Alas, in real life, there is no Yellow Brick Road to take us
to our sales and marketing goals.
Yet sometimes we — and by “we,” I mean me — act as if
there is.
So I sit around waiting for that clearly marked path to
magically appear, so I can get started on my journey.
In my copywriting business, this often means staring at my
computer, waiting for the perfect headline or the perfect
lead sentence to suddenly occur to me.
Or for my mind to conjure up the perfect email to send to
you.
I know better, of course, but there seems to be a recording
in my mind telling me that there’s one perfect way to write
whatever I’m writing, and if I sit at my desk long enough
doing nothing, it will come to me. (BTW, this has never
worked. Not once.)
But it’s not just writing copy. Recently, I’ve been toying
with the idea of starting an information products business
or an affiliate marketing business. And just like that I’m
suddenly looking for the Yellow Brick Road.
I have to pick the perfect niche — and then the perfect
product within that niche. And then I have to pick the
perfect advertising medium, write the perfect squeeze page,
come up with the perfect upsell and so on and so forth.
And it’s all a lot of nonsense. Years ago, my copywriting
mentor Clayton Makepeace impressed upon me the necessity of
going down blind alley after blind alley when writing copy.
Once you’ve done your research, engaged in a little hard
thinking, and scratched out an outline, you have to sit down
and write.
And if you spend three or four hours going in the wrong
direction or writing something that just doesn’t work … you
try again … and again … and again. That’s just the way it
works.
So I don’t write just one headline. I write 100. I don’t
write just one lead. I write a dozen. I don’t just write one
or two drafts … sometimes it’s five, six or seven.
What’s remarkable, however, is that just writing and writing
and writing — without stopping — often uncovers the gold I’m
looking for. Gold that’s never found by just sitting here
thinking or reading.
There’s nothing particularly profound about any of this.
You’ve probably heard something similar a million times from
self-help gurus, business consultants and TED talks.

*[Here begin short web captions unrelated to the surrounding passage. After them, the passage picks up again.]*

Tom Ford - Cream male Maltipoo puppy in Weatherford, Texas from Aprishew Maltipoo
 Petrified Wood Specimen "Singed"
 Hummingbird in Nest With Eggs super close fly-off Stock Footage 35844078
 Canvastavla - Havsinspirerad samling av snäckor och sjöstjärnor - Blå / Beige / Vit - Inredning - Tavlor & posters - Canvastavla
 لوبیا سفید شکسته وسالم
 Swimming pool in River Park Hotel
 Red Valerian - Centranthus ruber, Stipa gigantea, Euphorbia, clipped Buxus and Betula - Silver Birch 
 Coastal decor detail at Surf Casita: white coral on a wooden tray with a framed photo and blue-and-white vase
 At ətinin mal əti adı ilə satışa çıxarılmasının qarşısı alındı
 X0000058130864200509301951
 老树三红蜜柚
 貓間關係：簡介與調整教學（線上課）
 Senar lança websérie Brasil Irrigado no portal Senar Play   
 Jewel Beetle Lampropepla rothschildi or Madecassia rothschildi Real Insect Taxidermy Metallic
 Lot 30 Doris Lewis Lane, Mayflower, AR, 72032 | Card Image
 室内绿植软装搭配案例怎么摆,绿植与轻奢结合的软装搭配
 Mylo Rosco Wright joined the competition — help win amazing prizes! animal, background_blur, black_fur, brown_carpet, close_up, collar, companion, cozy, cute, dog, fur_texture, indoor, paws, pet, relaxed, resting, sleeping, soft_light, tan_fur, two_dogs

The challenge is in the implementation. The challenge is in
simply pulling the trigger even if that means going down the
wrong path multiple times and taking your lumps.
But each time, if you meticulously track your results to see
what works and what doesn’t work, you’ll make real progress.
In other words, sometimes there’s real wisdom in the idea of
just throwing mud at the wall and seeing what sticks.
Especially when you can’t get something done because you’ve
got too many options … too many magic bullets … too many
good ideas … or are paralyzed by fear or some other mental
block.
So here’s a challenge for you. Pull the trigger on something
that has the potential to generate business for you. Can’t
decide what? Then get a stack of index cards, write one idea
or tactic on each card, shuffle the deck, and then pull out
a random card and spend the next 30 minutes working on it.
I’m pulling the trigger on sending out my daily email. How
about you?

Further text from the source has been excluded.